Reverse Domain Name Hijacking is defined in paragraph 1 of the Rules as meaning "using the Policy in bad faith to attempt to deprive a registered domain name holder of a domain name."
Identical or confusingly similar
The first thing that a Complainant is required to prove under paragraph 4(a) of the Policy is that the Domain Name is identical or confusingly similar to a trademark or service mark in which the Complainant has rights.
The Domain Name, absent the generic domain suffix, is NEW ZEALAND and the name in which the Complainant claims trademark and service rights is also NEW ZEALAND. Accordingly, the Domain Name and the Complainant’s claimed trade/service mark are identical. But is NEW ZEALAND a trademark or service mark?

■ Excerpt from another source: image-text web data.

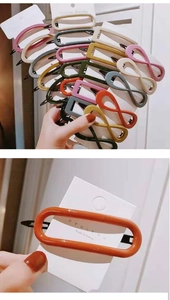 Detail shot of assorted Korean style acrylic hair clips in multiple colors and shapes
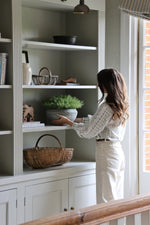 fax potted spanish moss styled on light grey cabinetry with women positioning it into place 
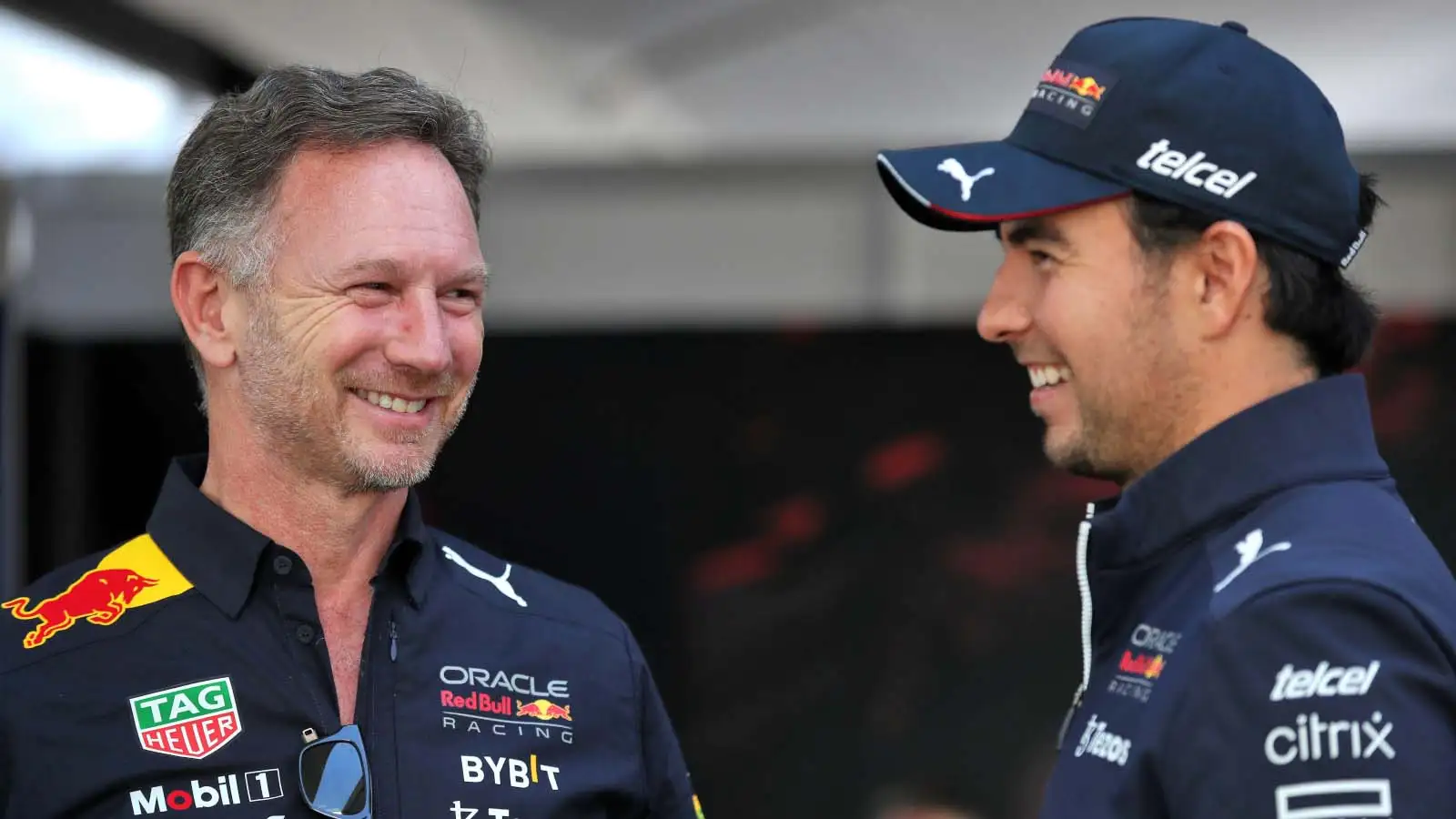 Christian Horner smiles with Sergio Perez. Australia April 2022.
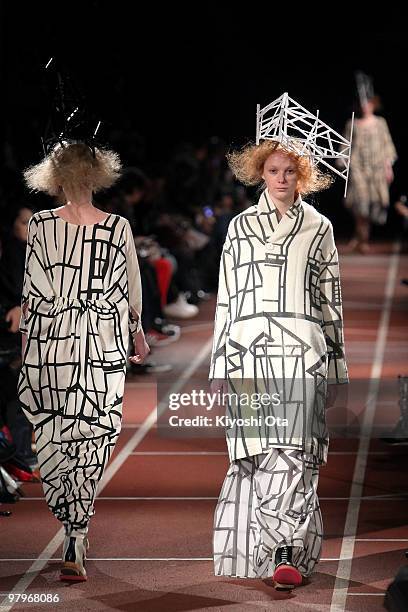 Models showcase the mintdesigns 2010-2011 Autumn/Winter Collection designed by Hokuto Katsui and Nao Yagi on the catwalk at the National Stadium on...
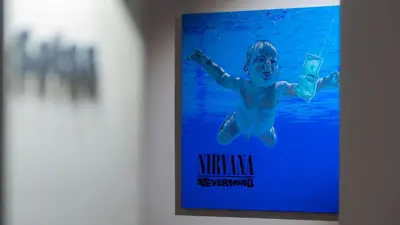 a poster for a movie on a wall at Hotel Sleep Turia music & art in Lliria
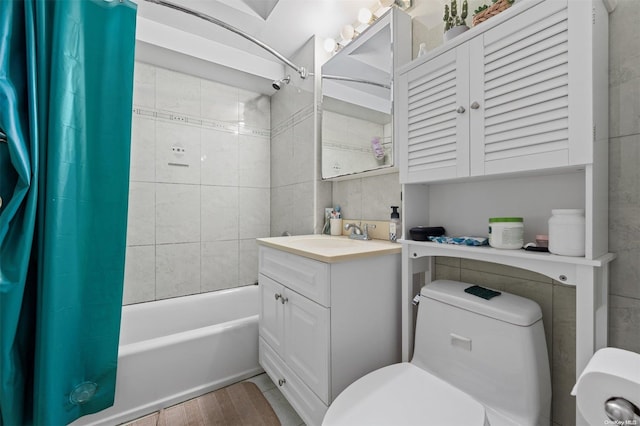 full bathroom featuring hardwood / wood-style flooring, vanity, toilet, and shower / tub combo with curtain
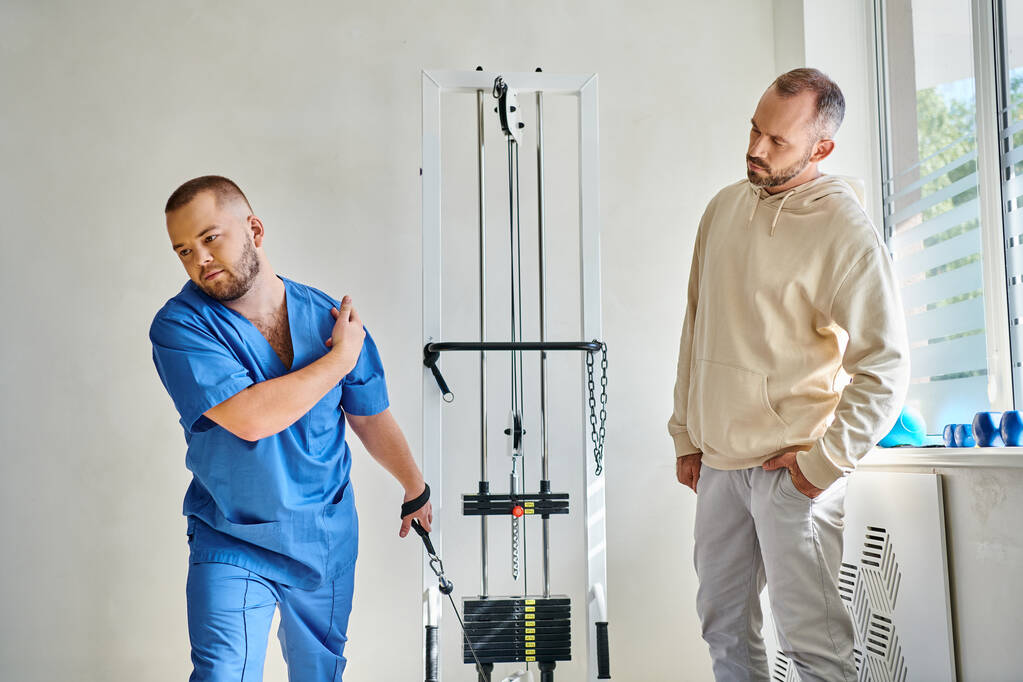 фізіотерапевт у блакитній формі навчає чоловіка біля тренувальної машини в реабілітаційному центрі - Фото, зображення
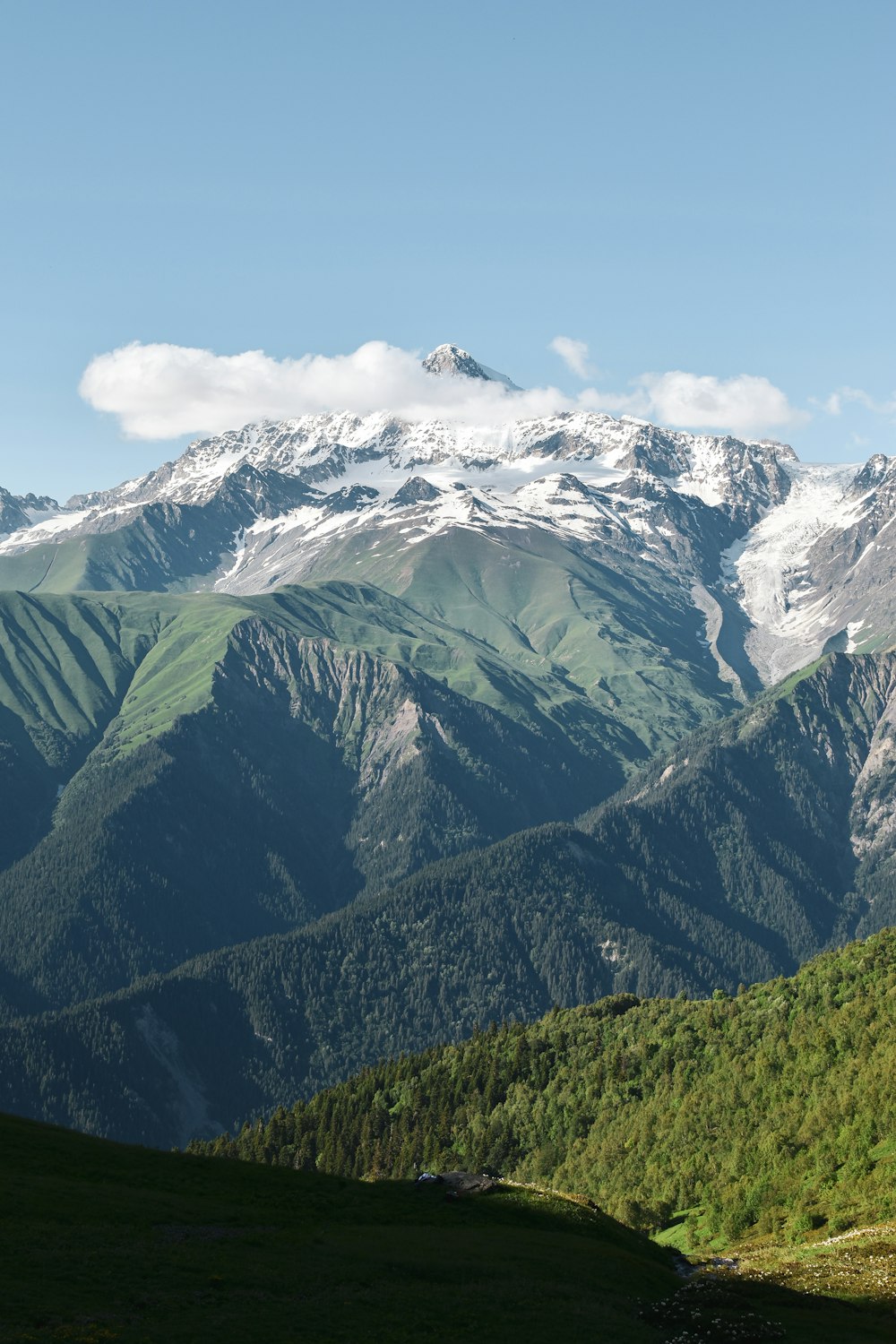 a view of a mountain range with snow on the top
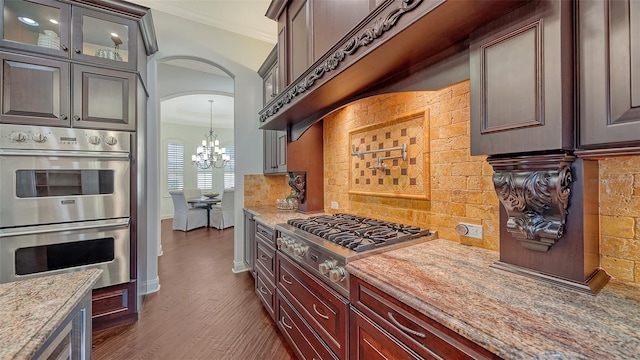 kitchen featuring appliances with stainless steel finishes, arched walkways, a chandelier, decorative backsplash, and dark wood-style floors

In paragraph 19 of the Complaint the Complainant claims that "the goods and services branded NEW ZEALAND have a single trade source, namely the State and Territory of New Zealand."
In paragraph 16 of the Complaint, the Complainant asserts that:-
"NEW ZEALAND is a trade and service mark owned collectively by all NZ citizens and their institutions represented by the Head of State that is to say the Complainant. This trademark is used to identify those goods and services produced by and for citizens, organisations and the State of New Zealand from the goods and services produced by citizens, organisations and/or States of other countries."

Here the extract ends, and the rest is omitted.